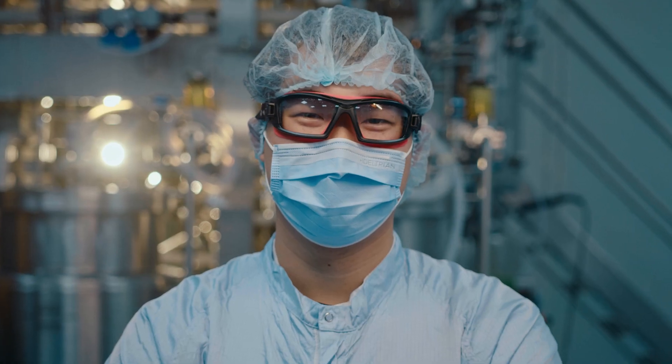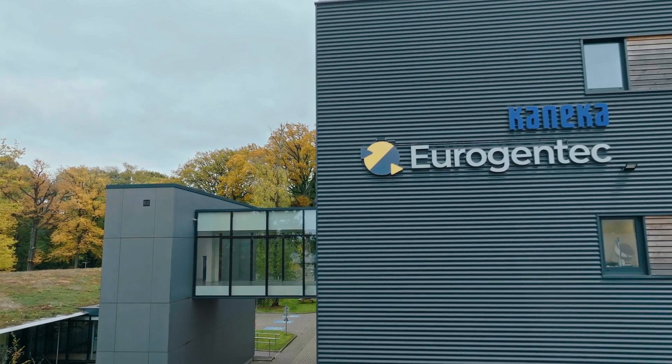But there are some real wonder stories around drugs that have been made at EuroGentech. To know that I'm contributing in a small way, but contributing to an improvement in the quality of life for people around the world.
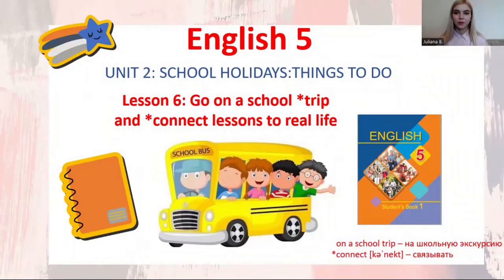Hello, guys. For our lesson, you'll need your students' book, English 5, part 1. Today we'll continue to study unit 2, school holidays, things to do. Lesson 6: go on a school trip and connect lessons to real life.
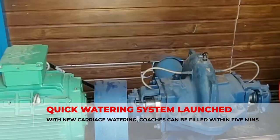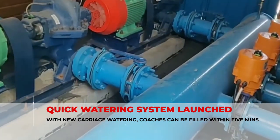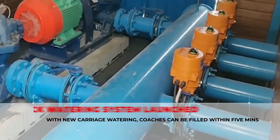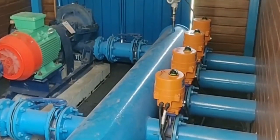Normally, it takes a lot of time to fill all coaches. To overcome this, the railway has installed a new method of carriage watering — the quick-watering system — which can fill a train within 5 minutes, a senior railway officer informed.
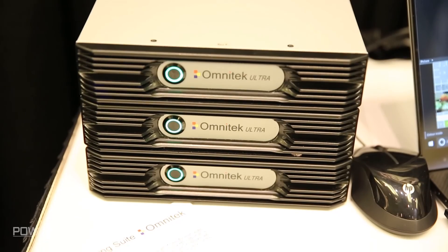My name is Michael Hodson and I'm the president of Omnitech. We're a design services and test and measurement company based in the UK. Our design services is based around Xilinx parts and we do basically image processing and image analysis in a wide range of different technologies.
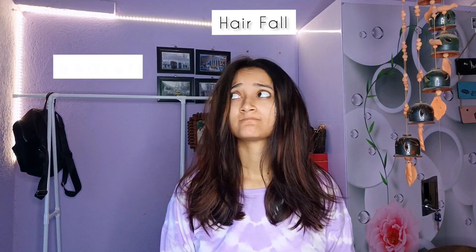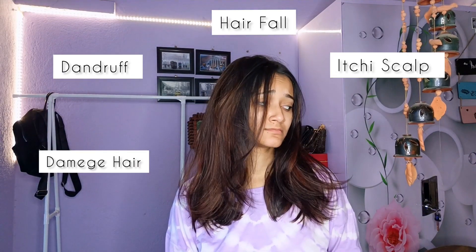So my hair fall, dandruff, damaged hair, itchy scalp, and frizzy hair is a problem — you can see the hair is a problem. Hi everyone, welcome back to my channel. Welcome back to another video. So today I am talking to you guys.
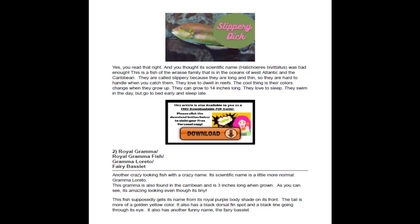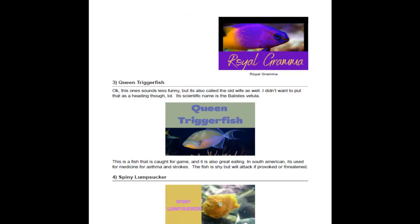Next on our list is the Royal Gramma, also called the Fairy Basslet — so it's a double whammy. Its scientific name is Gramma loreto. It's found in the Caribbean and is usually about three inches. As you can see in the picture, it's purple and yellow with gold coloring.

What you will do –
Set down all of the entries exactly as they stand, without any image.

Result –
But there are some real wonder stories around drugs that have been made at EuroGentech. To know that I'm contributing in a small way, but contributing to an improvement in the quality of life for people around the world.
Hello, guys. For our lesson, you'll need your students' book, English 5, part 1. Today we'll continue to study unit 2, school holidays, things to do. Lesson 6: go on a school trip and connect lessons to real life.
Normally, it takes a lot of time to fill all coaches. To overcome this, the railway has installed a new method of carriage watering — the quick-watering system — which can fill a train within 5 minutes, a senior railway officer informed.
My name is Michael Hodson and I'm the president of Omnitech. We're a design services and test and measurement company based in the UK. Our design services is based around Xilinx parts and we do basically image processing and image analysis in a wide range of different technologies.
So my hair fall, dandruff, damaged hair, itchy scalp, and frizzy hair is a problem — you can see the hair is a problem. Hi everyone, welcome back to my channel. Welcome back to another video. So today I am talking to you guys.
Next on our list is the Royal Gramma, also called the Fairy Basslet — so it's a double whammy. Its scientific name is Gramma loreto. It's found in the Caribbean and is usually about three inches. As you can see in the picture, it's purple and yellow with gold coloring.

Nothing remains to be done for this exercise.